======== Provided entries

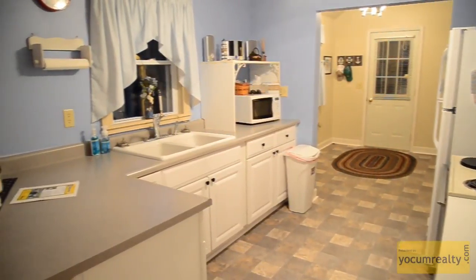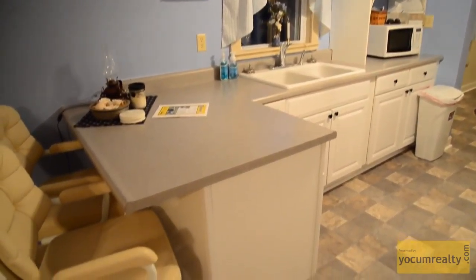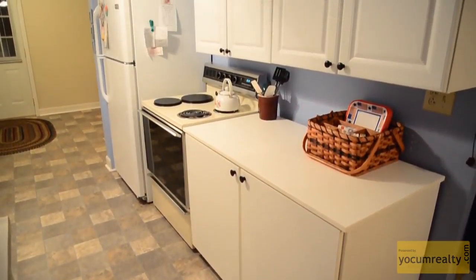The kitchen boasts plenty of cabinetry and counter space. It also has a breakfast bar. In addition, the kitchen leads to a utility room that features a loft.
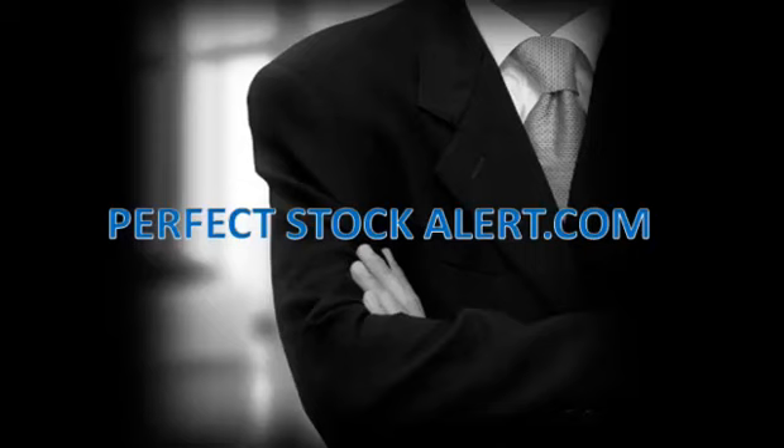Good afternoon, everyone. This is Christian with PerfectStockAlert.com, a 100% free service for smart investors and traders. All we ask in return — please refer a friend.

================
======== Provided entries

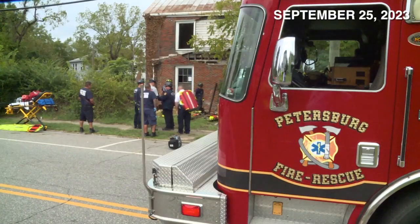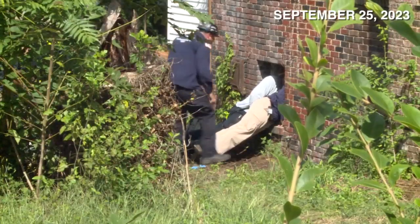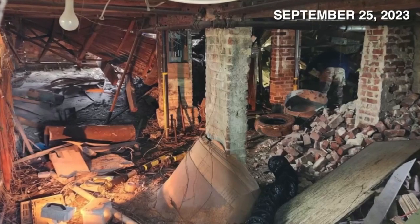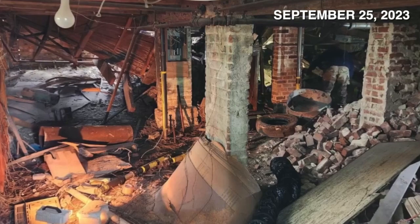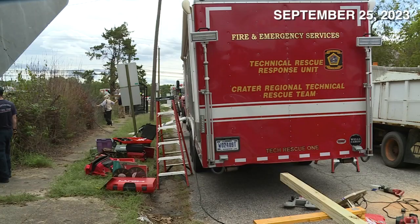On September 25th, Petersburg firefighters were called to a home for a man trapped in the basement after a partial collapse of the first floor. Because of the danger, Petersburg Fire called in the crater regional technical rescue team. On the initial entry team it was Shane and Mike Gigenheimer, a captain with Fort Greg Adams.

================
======== Provided entries

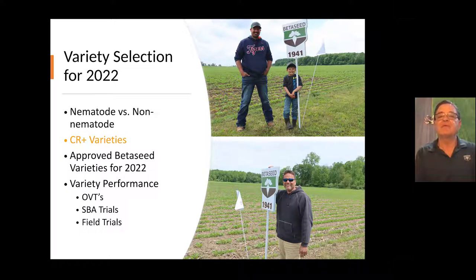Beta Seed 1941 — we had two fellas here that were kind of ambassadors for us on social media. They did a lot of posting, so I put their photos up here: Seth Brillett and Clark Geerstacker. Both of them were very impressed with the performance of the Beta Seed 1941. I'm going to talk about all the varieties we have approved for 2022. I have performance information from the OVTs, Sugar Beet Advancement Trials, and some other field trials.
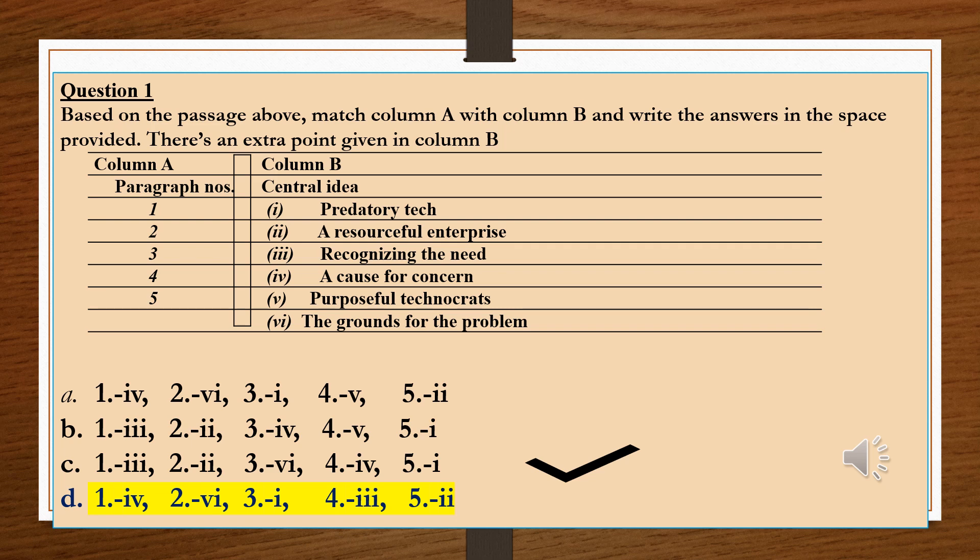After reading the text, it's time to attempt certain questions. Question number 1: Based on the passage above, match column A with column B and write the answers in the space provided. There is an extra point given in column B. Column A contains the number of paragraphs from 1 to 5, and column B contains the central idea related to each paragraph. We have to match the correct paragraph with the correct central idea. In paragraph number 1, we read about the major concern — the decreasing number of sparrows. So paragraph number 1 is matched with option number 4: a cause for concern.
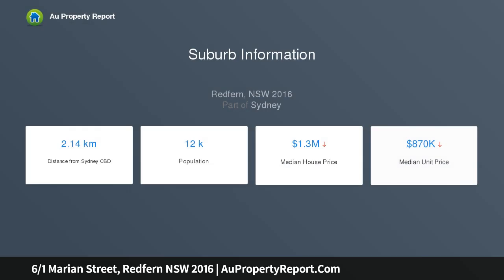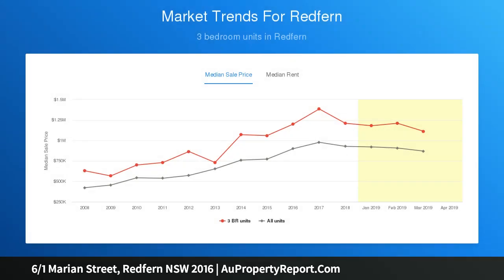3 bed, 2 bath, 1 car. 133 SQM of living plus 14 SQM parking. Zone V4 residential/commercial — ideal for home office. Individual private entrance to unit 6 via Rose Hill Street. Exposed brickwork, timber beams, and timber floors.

================

What is required. Starting at the line above that holds "The kitchen boasts", repeat every line exactly down to and including the line that holds "Good afternoon, everyone.", then stop. Do not carry over any pictures.

The completed task.
The kitchen boasts plenty of cabinetry and counter space. It also has a breakfast bar. In addition, the kitchen leads to a utility room that features a loft.
Good afternoon, everyone. This is Christian with PerfectStockAlert.com, a 100% free service for smart investors and traders. All we ask in return — please refer a friend.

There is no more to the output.